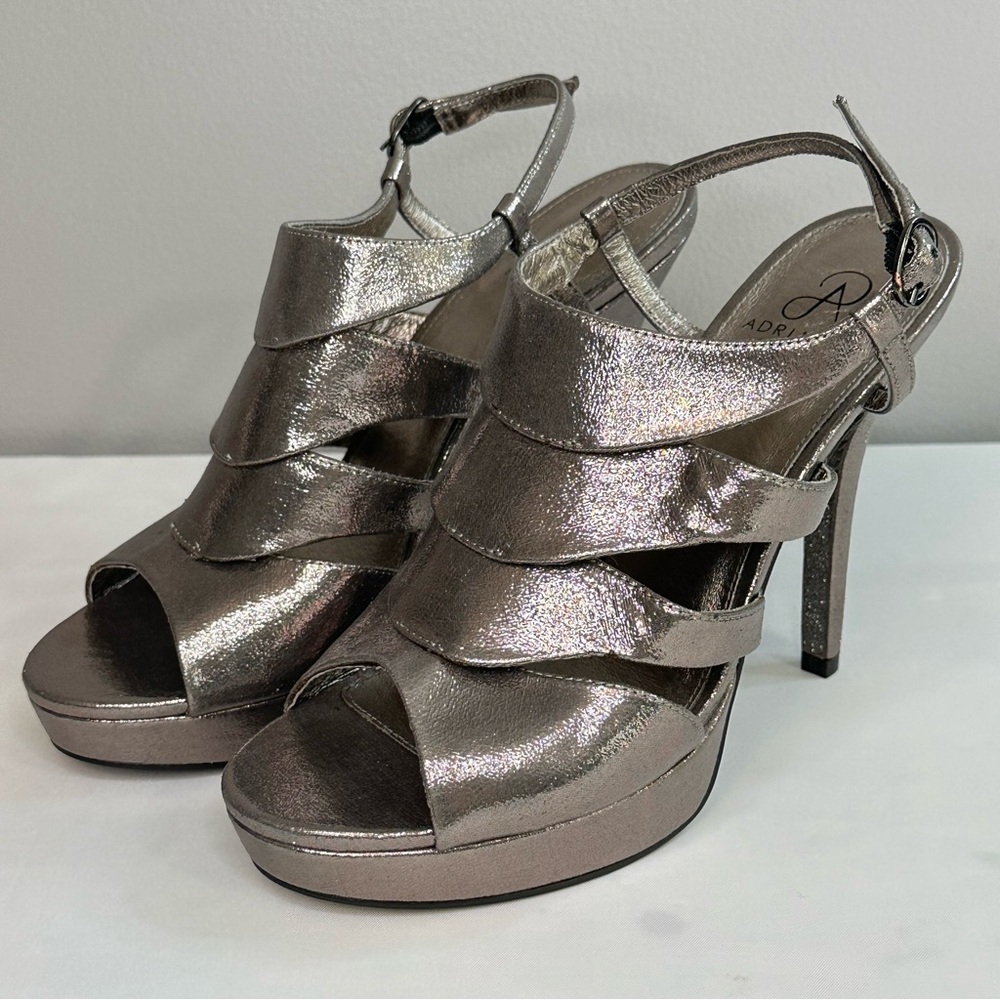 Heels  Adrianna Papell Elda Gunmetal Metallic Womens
***
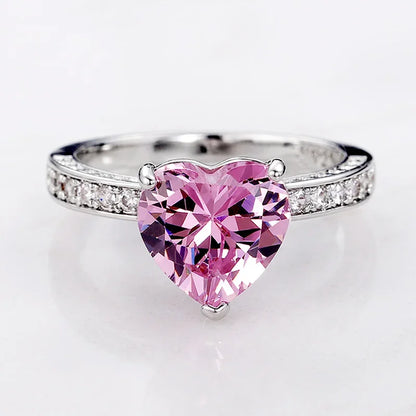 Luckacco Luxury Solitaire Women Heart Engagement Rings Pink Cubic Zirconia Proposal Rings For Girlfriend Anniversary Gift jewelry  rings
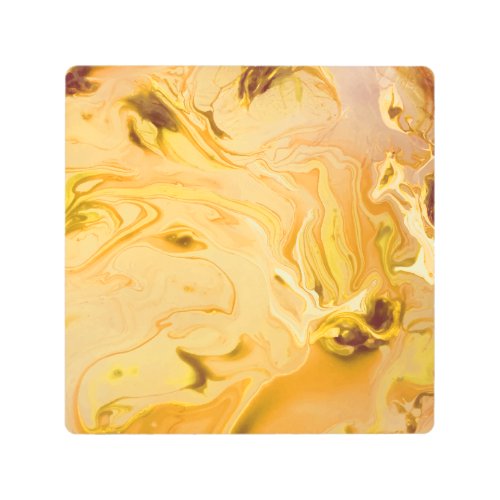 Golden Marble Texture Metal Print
***
- **WHAT YOU WILL DO**
Using the listing above, repeat word for word each line from the one with "Luckacco Luxury Solitaire" down to the one with "Golden Marble Texture Metal Print", both included. Omit all pictures.

- **THE ANSWER**
 Luckacco Luxury Solitaire Women Heart Engagement Rings Pink Cubic Zirconia Proposal Rings For Girlfriend Anniversary Gift jewelry  rings
 Golden Marble Texture Metal Print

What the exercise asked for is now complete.